THE SINISTER URGE DE ED WOOD

Sortit à la fin de l’année 1960, The Sinister Urge est un film assez sombre racontant les méfaits d’un tueur en série qui ne s’en prend qu’aux femmes, les attaquant seulement après avoir consommé du matériel pornographique.

Difficile de dire si le message du film tente de relier l’abus de pornographie avec une quelconque dépendance à la violence, ce qui est certain par contre, c’est que, malgré son exécution audacieuse, cela reste un film de Ed Wood avec les sempiternelles fautes de raccords qui semblent inhérentes à ses productions.

La scène d’introduction en est une preuve flagrante: alors qu’une femme, visiblement poursuivie par notre tueur en pleine forêt, tente d’utiliser une cabine téléphonique (!), avant de s’en faire brutalement éjecter et assassiner près de la rivière, sa robe disparaît comme par miracle durant l’agression, rendant la présence improbable de la cabine téléphonique presque secondaire. Du Ed Wood tout craché.

La suite du film ne démérite pas, le réalisateur réussissant à installer ses scènes pratiquement à la perfection avant de tout saborder avec des petits détails, des fioritures qui cassent le rythme de l’ensemble. Souvent des improvisations pour flatter son casting et qui s’avèrent au final tellement calculées qu’elles ne rentrent plus dans la dynamique de la scène.

Il y a par exemple toute une séquence dans un appartement servant à tourner des films pornographiques. Le plan met en scène quelques femmes splendides se faisant caster avant que ne débarque la police pour arrêter tout le monde et saisir des dizaines de bobines de pellicules. Jusqu’ici, rien d’anormal, sauf que pour le rôle de l’homme qui va mettre son engin dans ces demoiselles, Ed Wood a casté un acteur mexicain qui n’est pas naturel une seule seconde, souriant comme un pervers et semblant laissé en retrait, la scène ne lui donnant pas la moindre ligne de dialogue (ce qui ne l’empêchera pas de réapparaître plus tard).

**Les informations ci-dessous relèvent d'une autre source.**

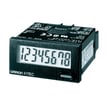 Tæller 1/32DIN (48x24 mm) self-powered LCD 8-cifret 30cps/1kcps no-V-indgang sort urkasse H7EC-N-B O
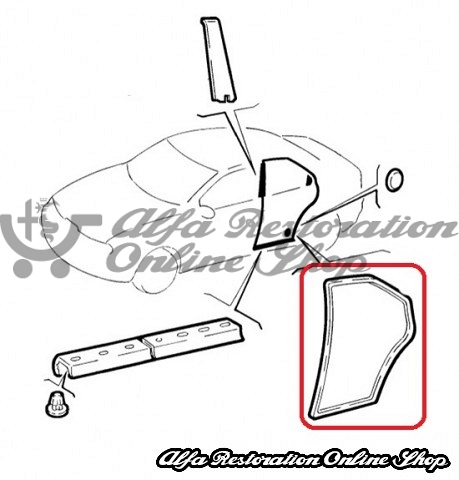 Alfa 156 All Models/Berlina Rear Left Door Seal (OEM)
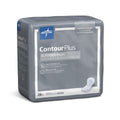 Medline ContourPlus Bladder Control Pad for Incontinence (case of 168) Ultimate Absorbency, with pad size 8" x 17"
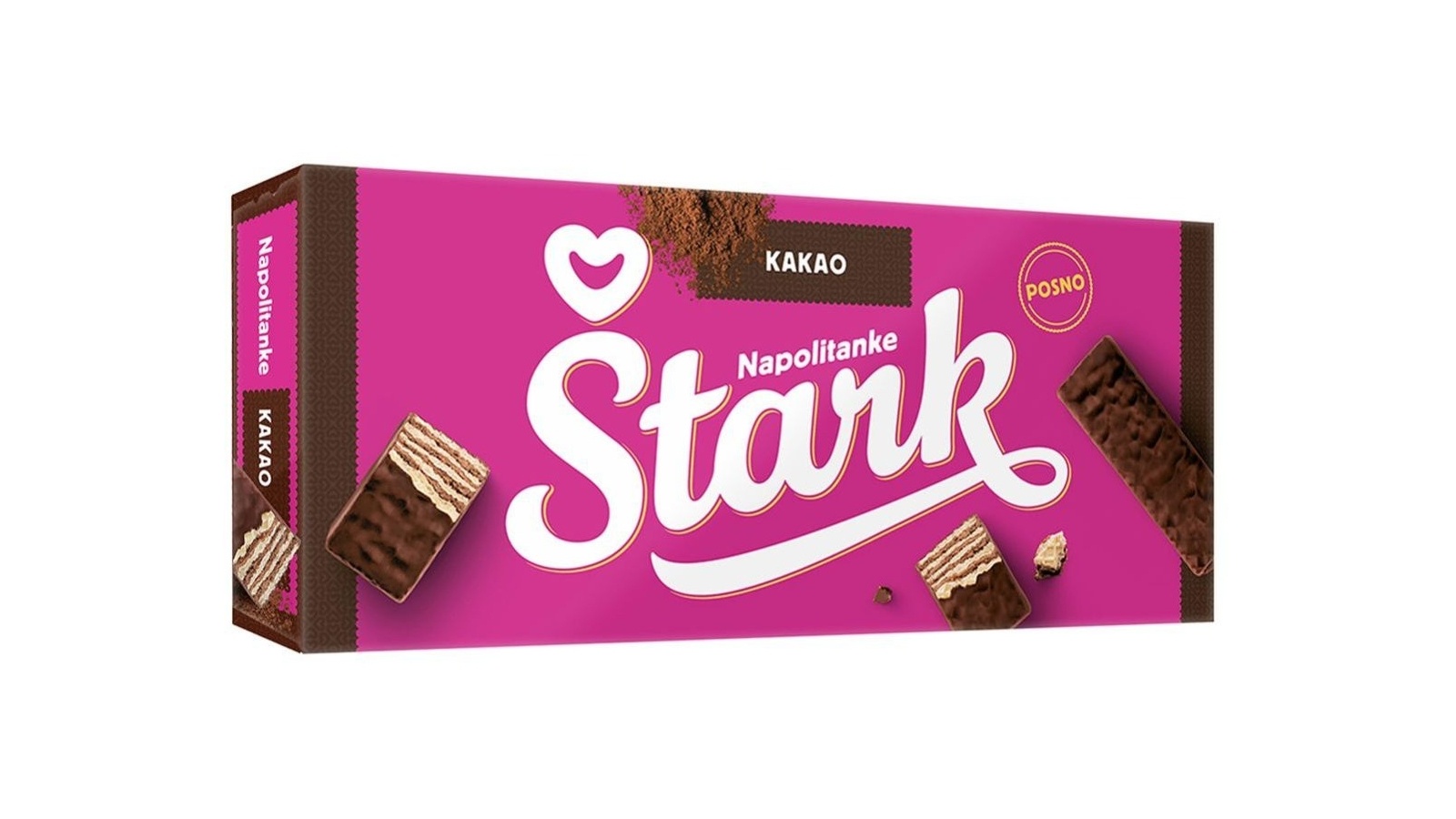 Štark Napolitanke Kakao 180g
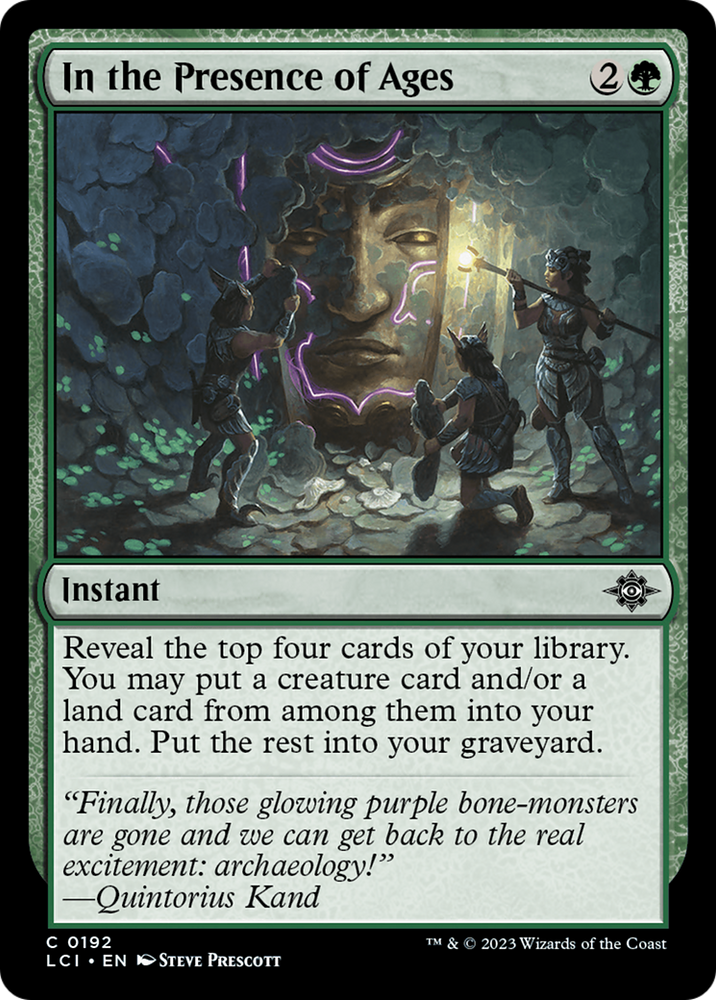 In the Presence of Ages [The Lost Caverns of Ixalan] Magic: The Gathering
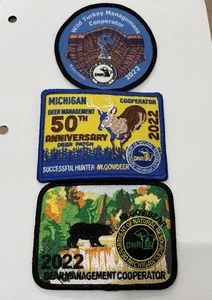 2022 MICHIGAN Turkey, Deer, Bear PATCH, Hunting DNR - Picture 1 of 1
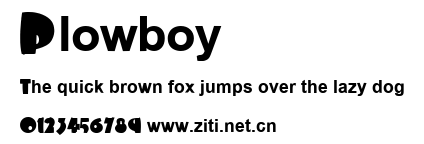 Plowboy.ttf字體轉換器圖片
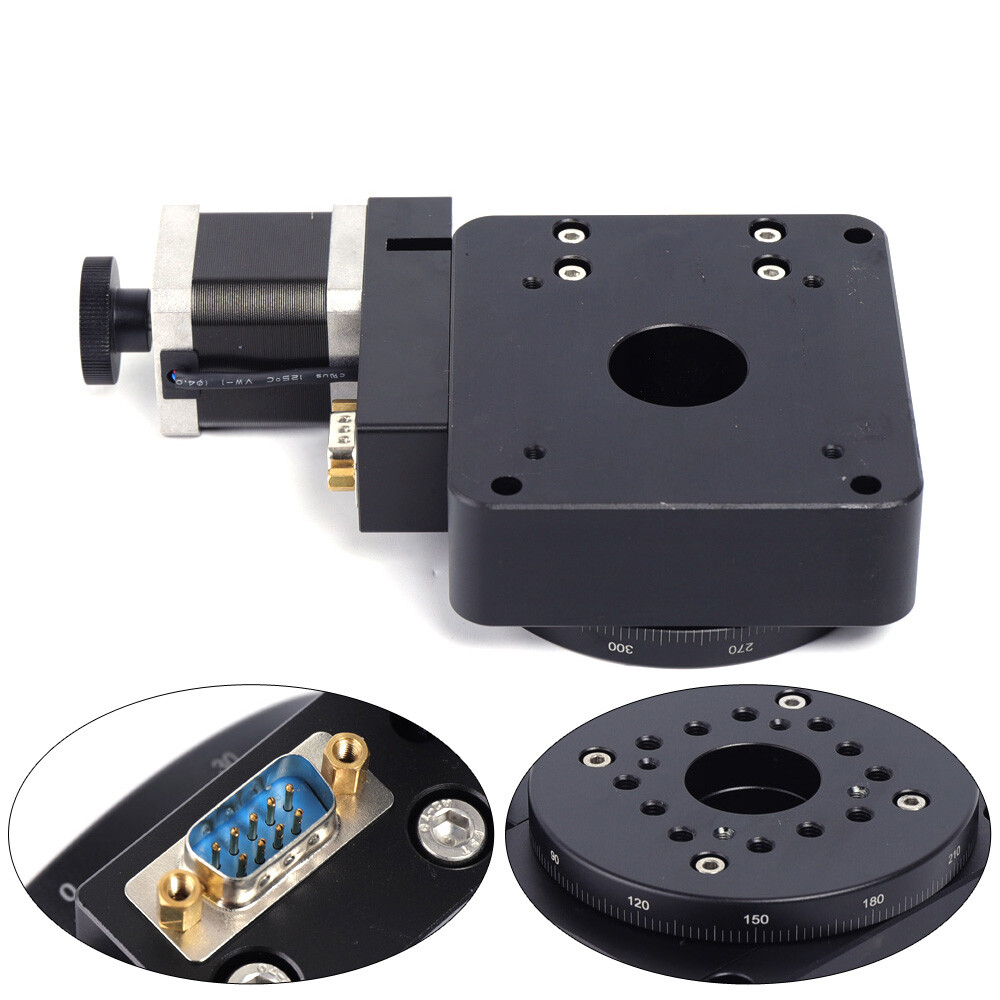360° Motorized Rotary Stage Electric Rotating PlatFitm Optical Motorized Stage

Une autre scène de bagarre manque de peu d’être convaincante, les coups étant bien trop amortis. Et que dire du second meurtre? La rencontre est improbable, l’approche également, tout comme la raison nébuleuse qui pousse les deux protagonistes à rester muets du début à la fin (même chose avec les meurtres suivants). Sans compter les coupures dues à la censure de l’époque, certains coups portés étant littéralement absents en plein milieu de l’action, des demi-secondes manquant ici et là en même tant que l’habillage musical, ce dernier semblant encore plus malade que le film lui-même.

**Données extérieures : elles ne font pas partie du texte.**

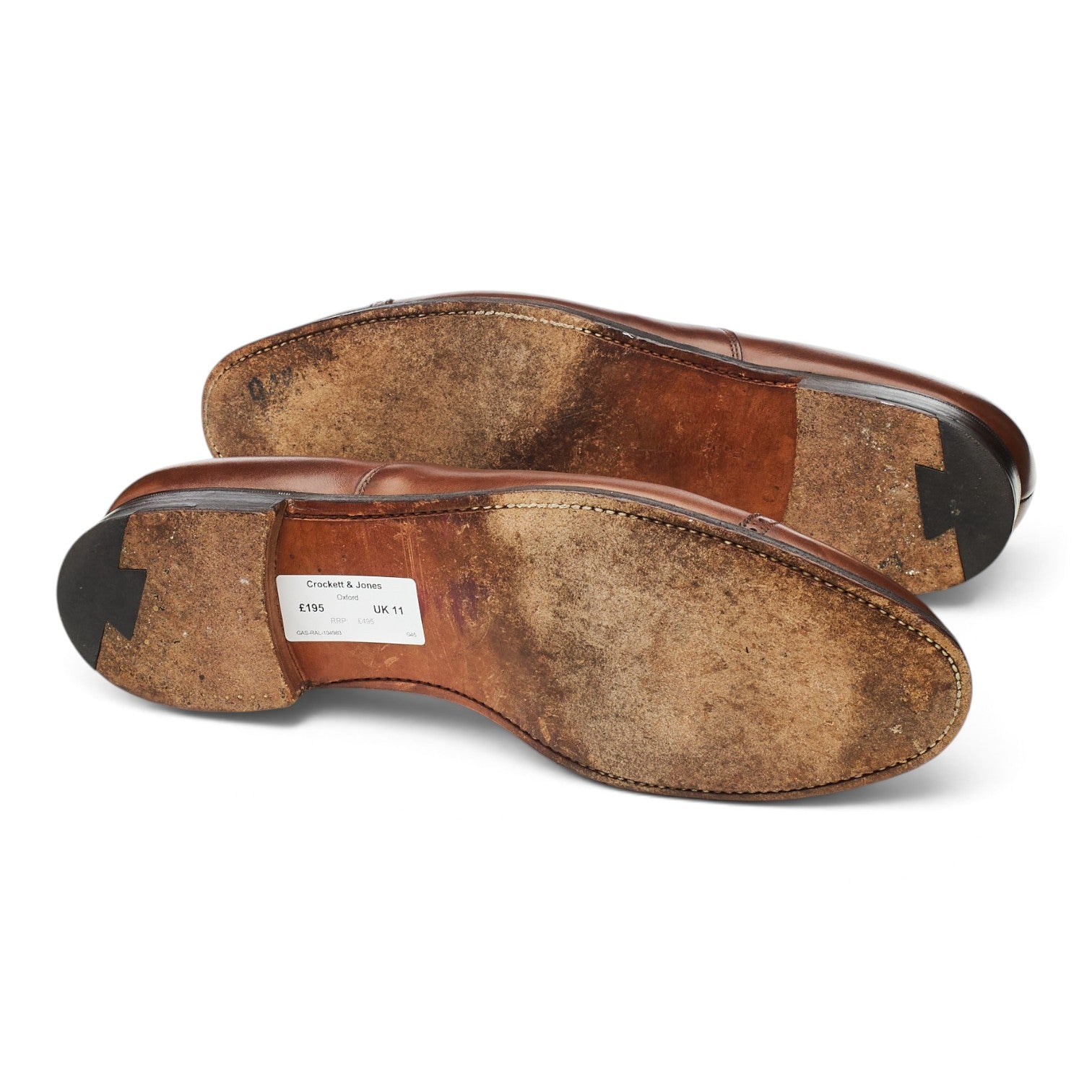 Ralph Lauren oxford cuir marron antique UK 11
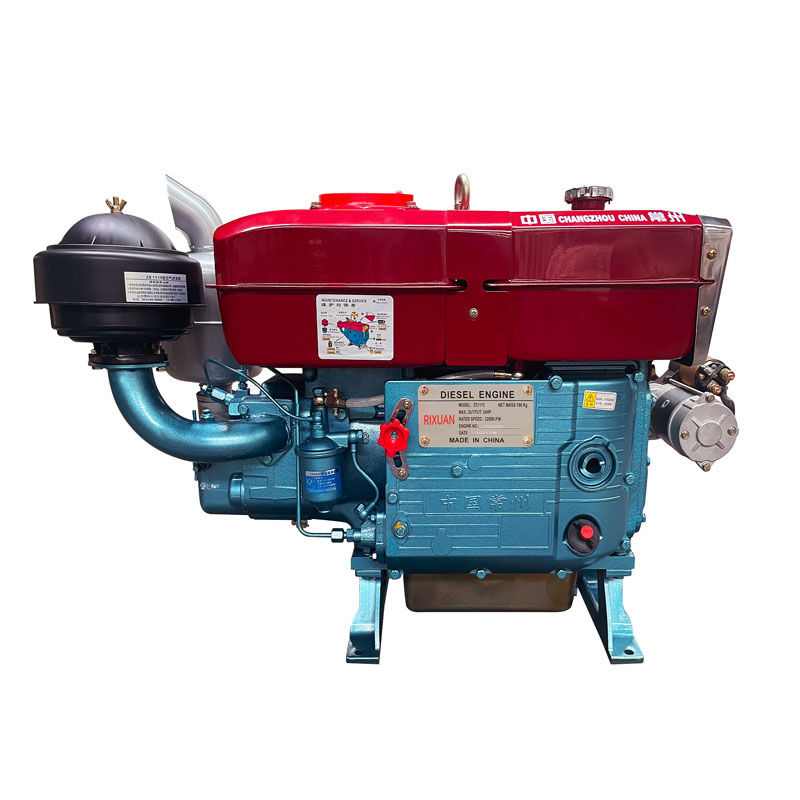 Single cylinder water cooled diesel engine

Et pourtant, comme tout film de Ed Wood, The Sinister Urge réussit à être passionnant. Les meurtres sont très visuels, le tueur (Dino Fantini) à une bonne tête de criminel, les femmes sont belles comme des cœurs et tout le casting semble vraiment faire de son mieux (certain(e)s plus que d’autres) pour que chaque dialogue compte. Surtout, il y a une véritable tentative de raconter une histoire complexe (le couple de pornographes, l’enquête de police, même la pseudo-psychologie du tueur) et de sublimer le genre. C’est un échec, certes, mais quelle tentative!

Au final, il manquait surtout un éditeur pour fixer les erreurs de continuité laissées (comme à chaque fois) en l’état par Ed Wood.